Сегодня доктор Грей привел ко мне пятерых или шестерых крупнейших баптистских проповедников, чтобы поговорить об их положении в эту критическую минуту. В Берлине собрались около полутора тысяч баптистских проповедников и пресвитеров на конференцию по обсуждению положения баптистов, которая продлится неделю. Конференция эта была назначена за год до прихода Гитлера к власти. Главные проблемы, подлежащие обсуждению: национализм и расовые группы, свобода религиозных взглядов и самоуправление в церковных делах. Все эти вопросы едва ли можно поднять сейчас, не вызвав нападок со стороны нацистов. Нацисты считают, что все религии в Германии нужно объединить в единую государственную церковь; ни о какой свободе совести не может быть и речи; какое бы то ни было местное самоуправление считается чуть ли не изменой. За каждое свободное слово в сегодняшней Германии можно поплатиться жизнью.
Лично я не знал, что и посоветовать этим баптистским проповедникам. Однако доктор Грей и другие говорили о своих делах открыто и хотели знать мое мнение обо всем, что касается их деятельности, и, в частности, спросили, как я смотрю на их намерение поступать так, словно в Германии ничто не изменилось. Уже уходя, они пригласили меня на свою конференцию, где мне будет отведено место на трибуне. Подумав немного, я решил пока отказаться. Слишком уж это похоже на вызов всей официальной Германии, в которой я аккредитован. Но все же я был воспитан баптистом и до сих пор состою пассивным членом общины в Гайд-парке в Чикаго. Может быть, мне все-таки следует поехать на конференцию – пусть видят, какой человек согласно американским принципам имеет право пользоваться неприкосновенностью. Решу этот вопрос после похорон Гинденбурга.

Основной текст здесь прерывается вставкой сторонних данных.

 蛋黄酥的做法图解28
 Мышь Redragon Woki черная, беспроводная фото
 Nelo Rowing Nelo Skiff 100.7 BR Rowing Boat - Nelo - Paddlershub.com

Я приехал в министерство иностранных дел, чтобы передать послание президента Рузвельта германскому правительству и всему немецкому народу по поводу печальной утраты. Нейрат, с которым я хотел повидаться, поручил Бюлову принять меня. Мы несколько минут поговорили о замыслах Гинденбурга и о его уме, который он проявил особенно ярко, когда я был представлен ему 29 августа 1933 года; Бюлов присутствовал при этом. Гинденбург тогда непринужденно беседовал со мной минут десять или пятнадцать – случай, как мне сказали, беспрецедентный. Если бы теперь опубликовать все его высказывания о международных отношениях и культурных связях с Соединенными Штатами, это произвело бы сенсацию и взбесило Гитлера, но зато вызвало бы восторг всей Германии.

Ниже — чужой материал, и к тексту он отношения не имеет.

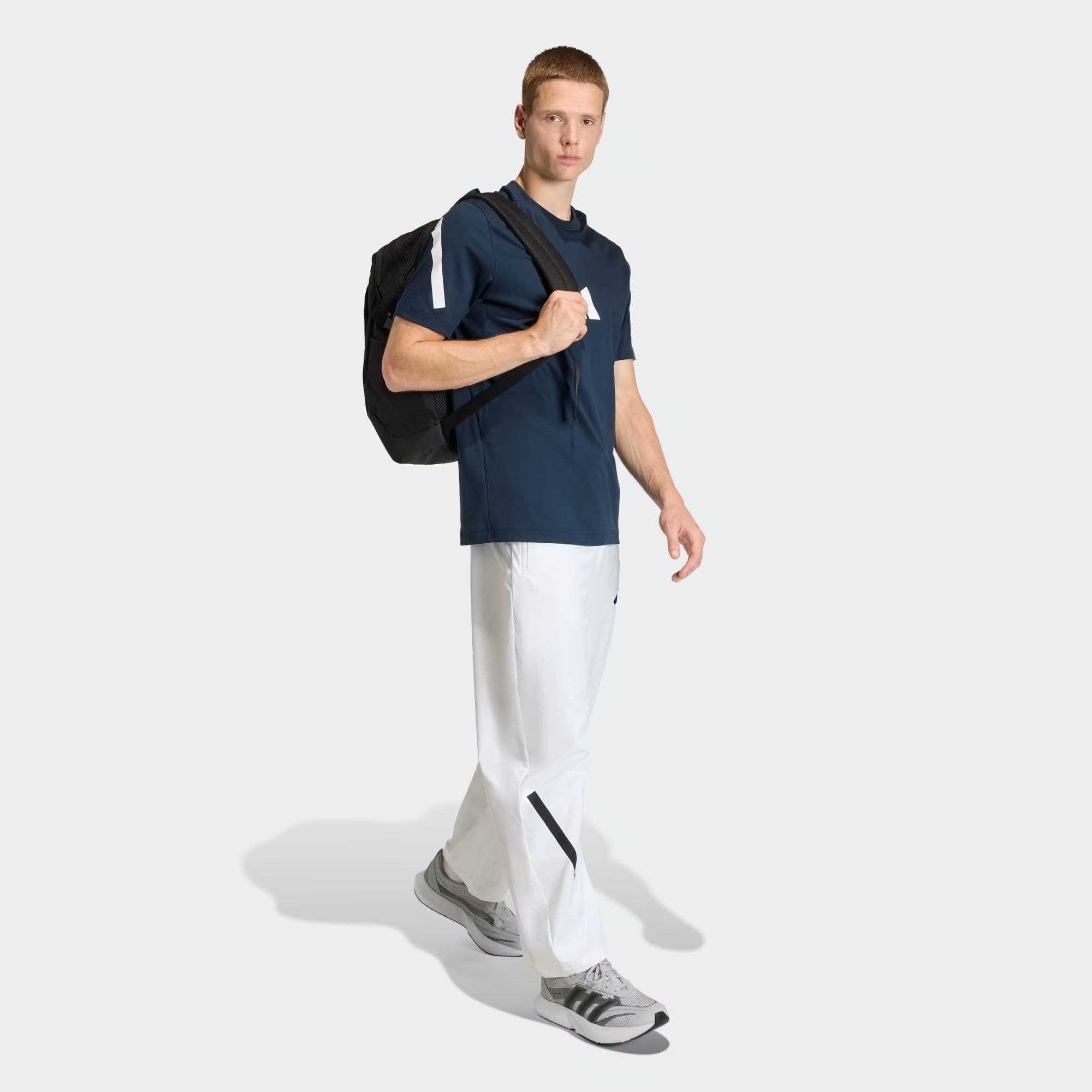  Balo adidas APWR Unisex - JZ2308 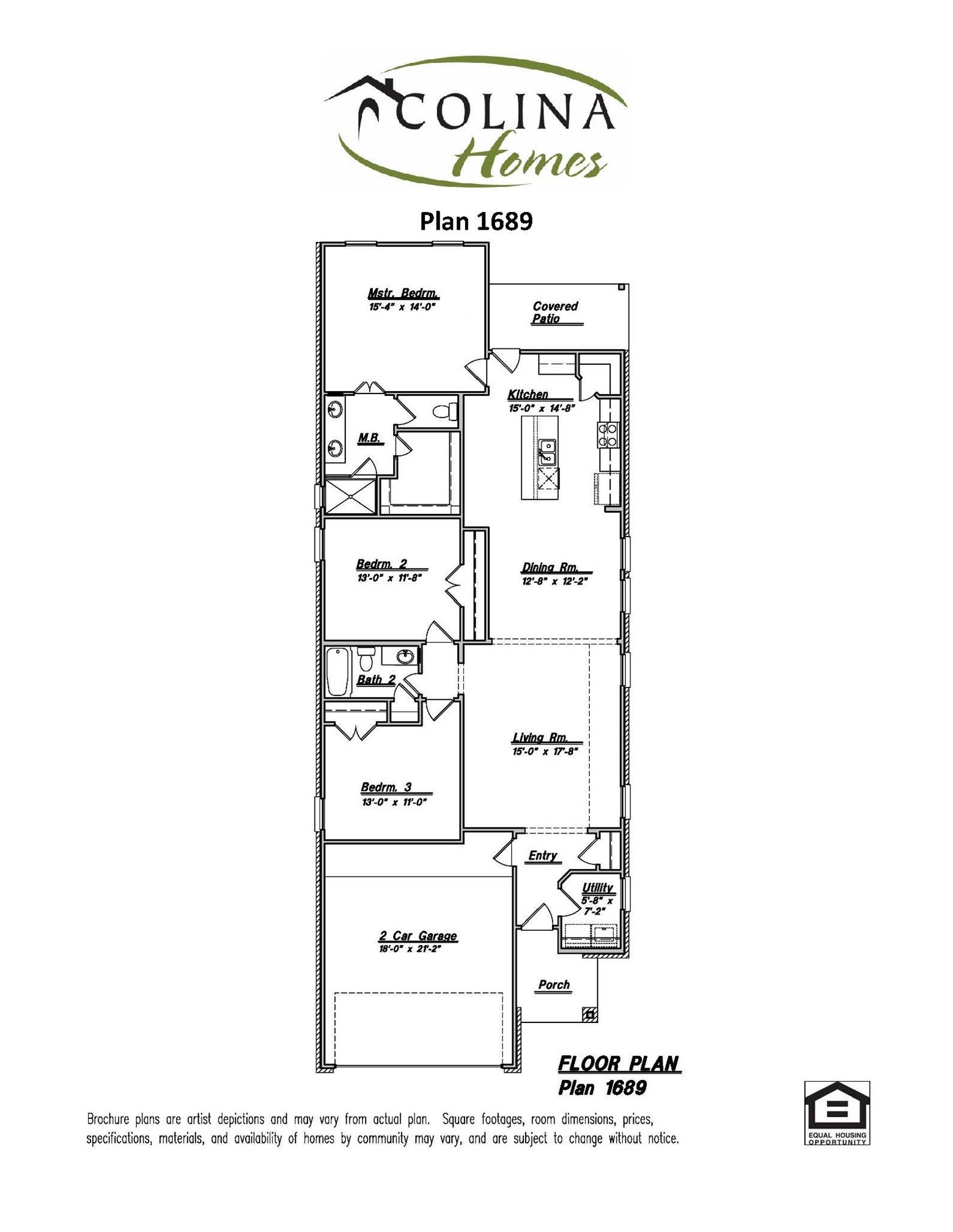 2810 Rockwood Drive, Iowa Colony, TX 77583
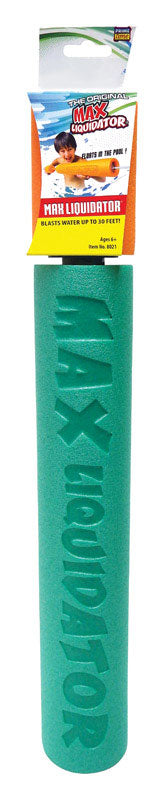 Prime Time Max Liquidator Assorted Foam Water Squirter, Pack of 24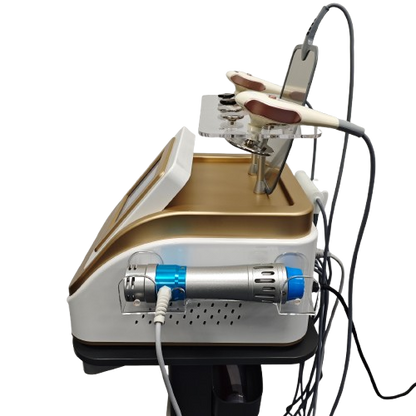 Aparat Tecar, Shockwave, Radiofrecventa Profesional, NeuroSculpt Pro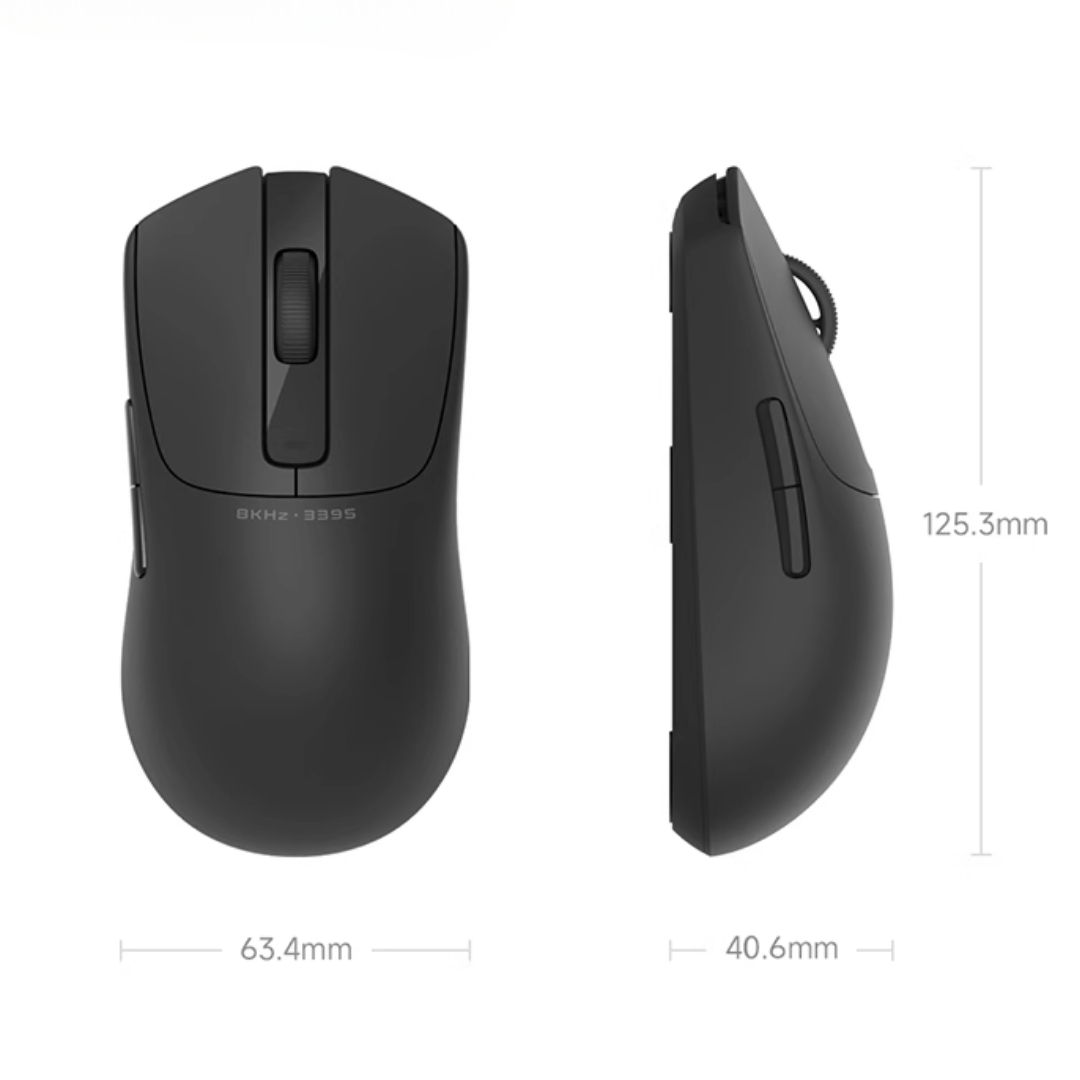 [Pre-Order] Harry Potter x Xiaomi Mouse X1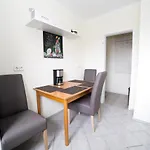 Othman Appartements Göttinger Straße 1OG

Днем приехал английский посол, который на днях вернулся из отпуска, проведенного в горах Уилтшира; он только что беседовал с Нейратом. Как сказал ему Нейрат, он боится, что Гитлер не имеет ни малейшего представления о том, что такое власть президента; однако, по всем сведениям, тот же Нейрат восторженно приветствовал Гитлера вчера, когда он принял верховную власть в стране. Я ни разу еще не видел доказательств того, что министр иностранных дел хоть раз протестовал против деспотизма фюрера.
Сэр Эрик признал, что Англия объявила Рейн своей восточной границей.
– Что еще нам оставалось делать? – спросил он.
Он полагает, что Гитлер, если бы мог, тотчас развязал бы войну, а поэтому вся Европа должна объединиться против Германии; мне тоже кажется, что это необходимо, если мы не хотим, чтобы в один прекрасный день тысячи самолетов забросали Европу бомбами и задушили ее газами. Франция в 1919 году сыграла печальную роль, а затем продолжала свою ошибочную политику в Лиге наций в период с 1930 по 1932 год. Это способствовало приходу Гитлера к власти, а, захватив власть, Гитлер своими варварскими действиями лишил Германию всякого сочувствия со стороны Англии и США. Теперь, как говорит сэр Эрик, вся Европа должна днем и ночью следить за Германией, находящейся в окружении, которое может даже привести к экономическому краху. Мы расстались в семь часов, оба очень подавленные.